Grabbing a wrist and elbow means allowing the subject to go ahead and push the intended victim, or to turn and fight back. Any time a lifeguard makes contact with a swimmer, in or out of the water, drowning or misbehaving, the first goal is to be totally in control. In the water, there's a number of ways to do that; on the deck, not so much. The move this cop used is generally the best there is -- one reason being that it is not an attack, but it puts the subject into a very obviously inferior position.

Lifeguard training taught us to be nice to people who are behaving. When they misbehave, niceness gets demoted to second place -- first place being the safety of everyone at the pool.

BTW, the only person I ever concerned myself with explaining my actions to was the facility director, who was also the head lifeguard.
 
So to teach people a lesson about not pushing people in the pool, he pushes them into the pool?

You mean my fellow lifeguard? He didn't push anyone, he just took the guy with him -- which only seems fair. And he did it in a way that was safe, so no one got hurt.

I wouldn't have tried it; I wouldn't have thought about performing a control maneuver while falling.
 
Inviting an unruly patron to escalate any obnoxious behaviour seems unprofessional. If it was an effort to diffuse the situation then clearly the lifeguard's objective was not met. If it was not an effort to diffuse the situation it should have been.

My fellow lifeguard judged that the guy was going to push or hit someone, and made the instant decision to make himself the target instead of any pool patron. In discussion afterward, we all agreed that it was a good decision. You don't try to defuse situations, you enforce safety.

The only call that ever got seriously questioned and led to a hearing was when a college football linebacker type was in trouble, but the lifeguard couldn't get him under control to bring him to safety; the guy kept trying to climb on top of the lifeguard, which just endangered them both. Frustrated, the guard punched the guy, which sent hands to nose instead of grabbing the guard, which allowed the guard to get him under control and bring him to safety. The hearing decided the guard had to make an official, public apology to the guy, and since it was accepted no other action was taken.

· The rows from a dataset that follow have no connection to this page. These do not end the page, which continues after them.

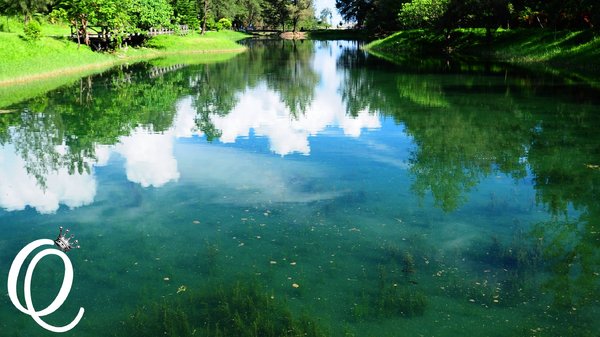 台東森林公園：台東森林公園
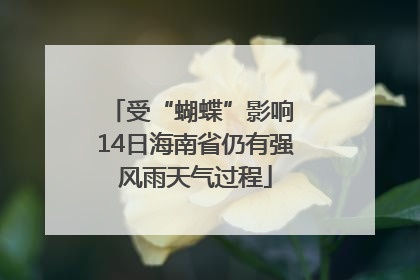 受“蝴蝶”影响 14日海南省仍有强风雨天气过程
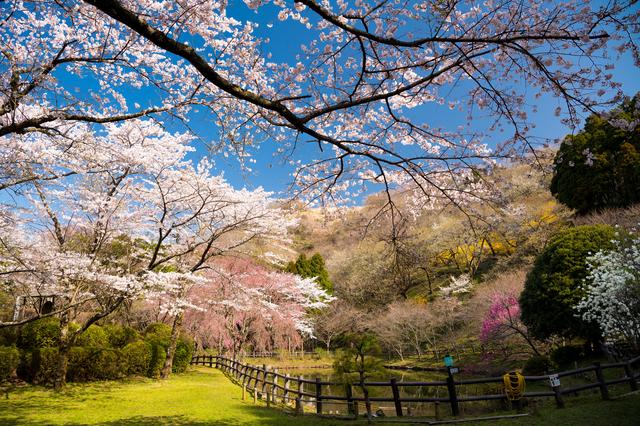 画像: 最明寺史跡公園(第1回) 海抜450mの地にしだれ桜や花桃など春の花が咲き乱れます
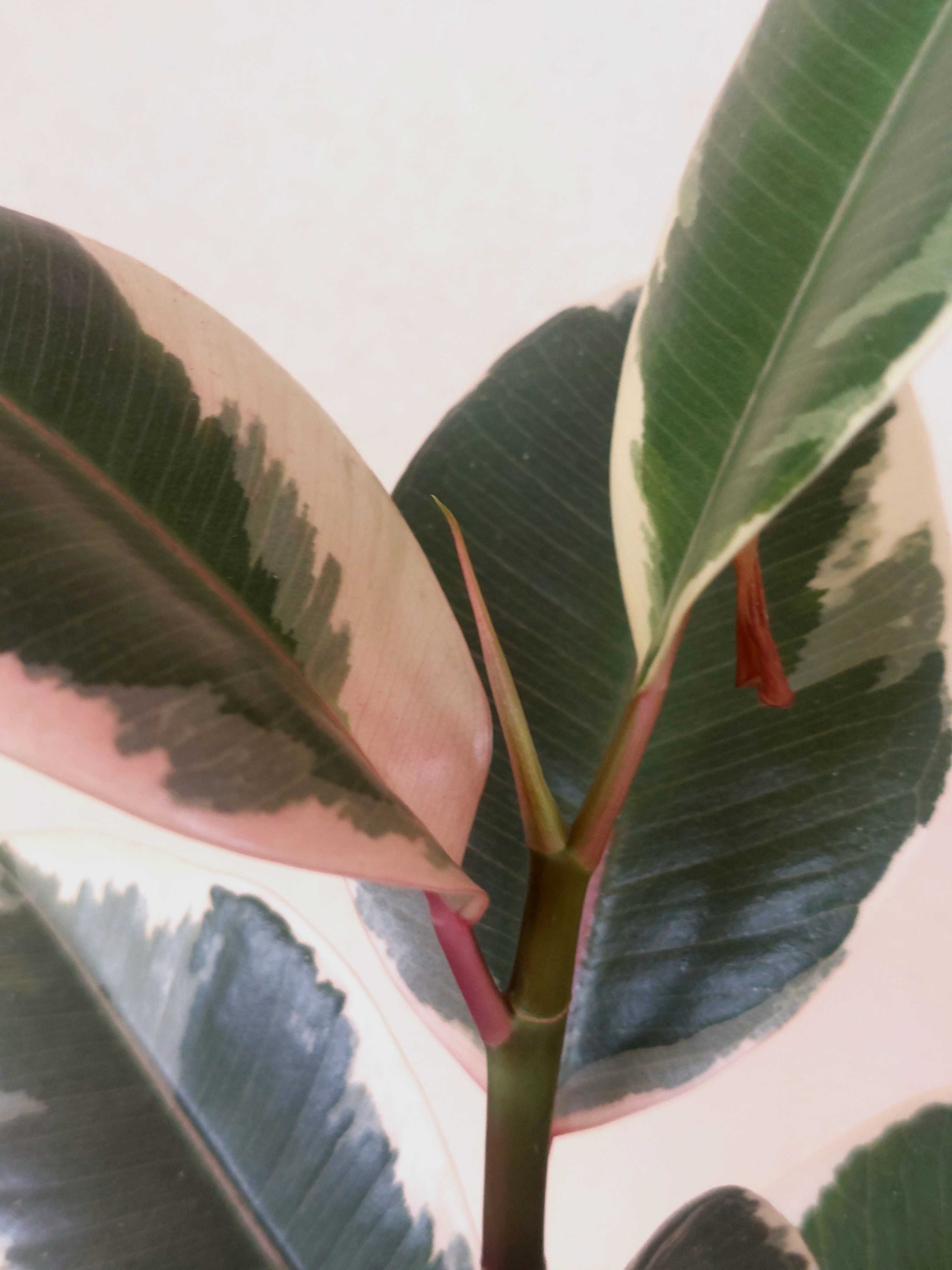 Planta Ficus elastica 'Tineke'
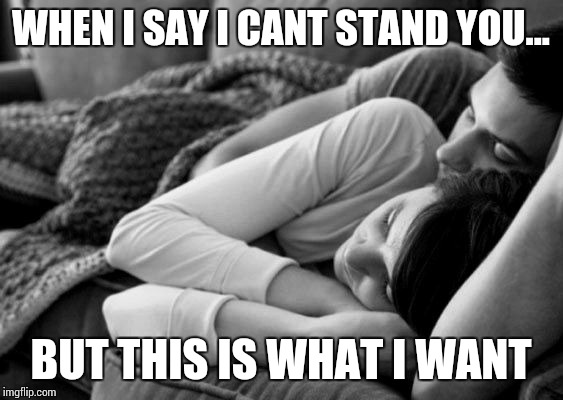 cuddle | WHEN I SAY I CANT STAND YOU... BUT THIS IS WHAT I WANT | image tagged in cuddle | made w/ Imgflip meme maker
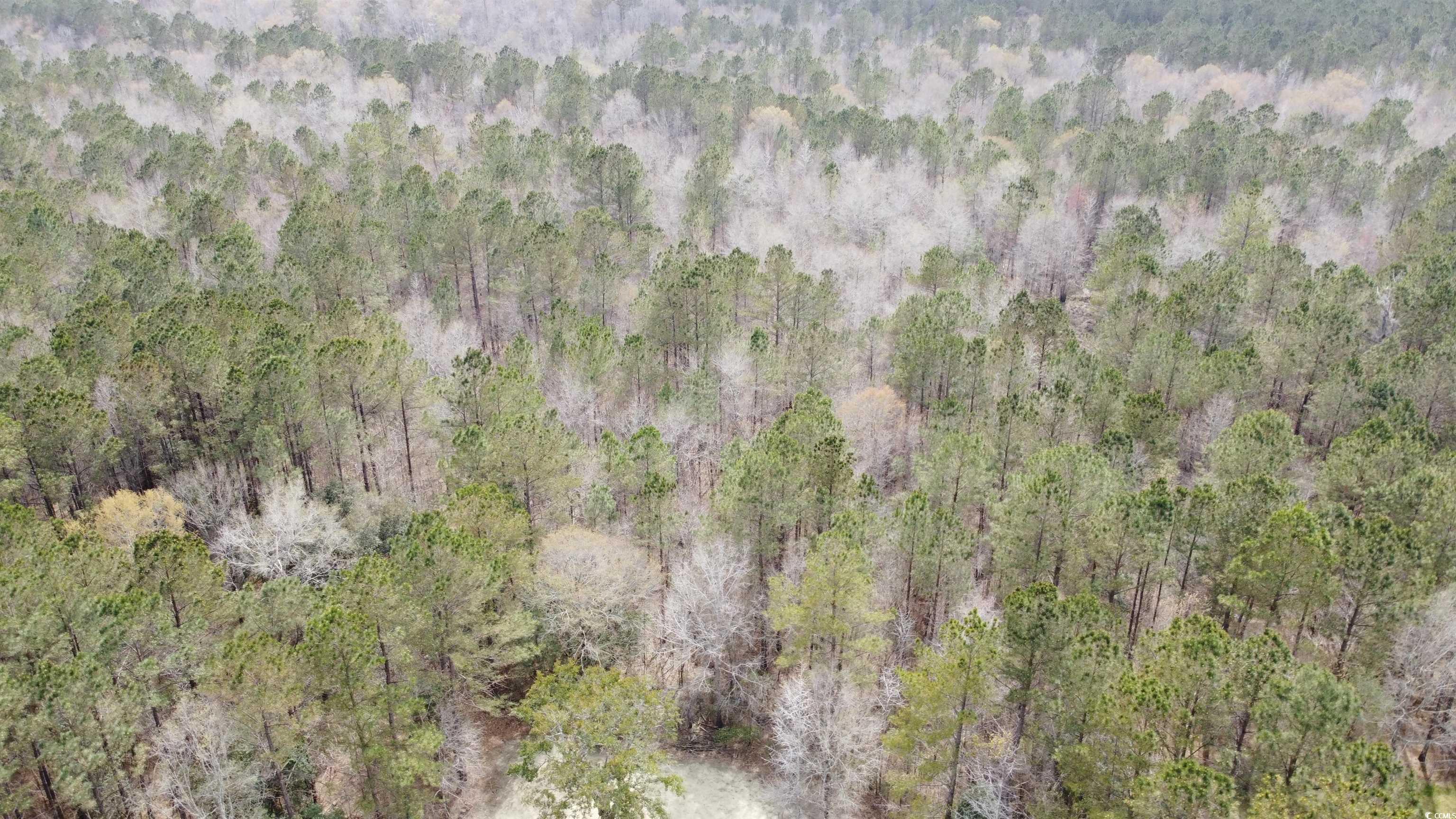 2072 Lees Landing Circle, Conway, South Carolina image 14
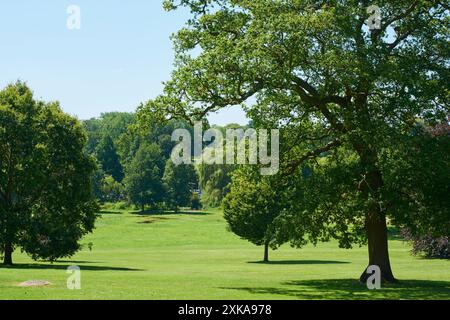 Gadebridge Park im Juli, Hemel Hempstead, Hertfordshire, Großbritannien Stockfoto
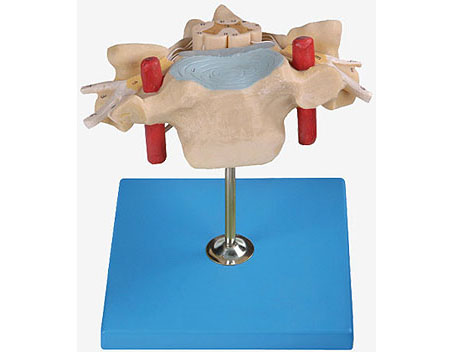 HL/A18105 颈椎附脊髓和脊神经放大模型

Not even two weeks later, another big guy was in trouble, and it gave my fellow guard a chance to show he'd learned his lesson: this time, he swam close but just out of reach, and the guy lunged for him, which got him closer to the side; the guard repeated this about six times until they were close enough he just grabbed one of the lunging hands and set it on the pool lip. It was very creative; usually if someone is too big and too out of control to get into a carry and bring to shore, you wait until they're out of energy and then move in.
 
Yes, but I don't get how that fits the sentence the initials were used in. :confused:

Because the World Wildlife Foundation refused to let the World Wrestling Federation abscond with their initials. No matter how much those fake wrestlers tried to bully them, the wild animals were far more than was bargained for and won out in the end. Real wild animals vs fake wrestlers...... The furry critters will win every time.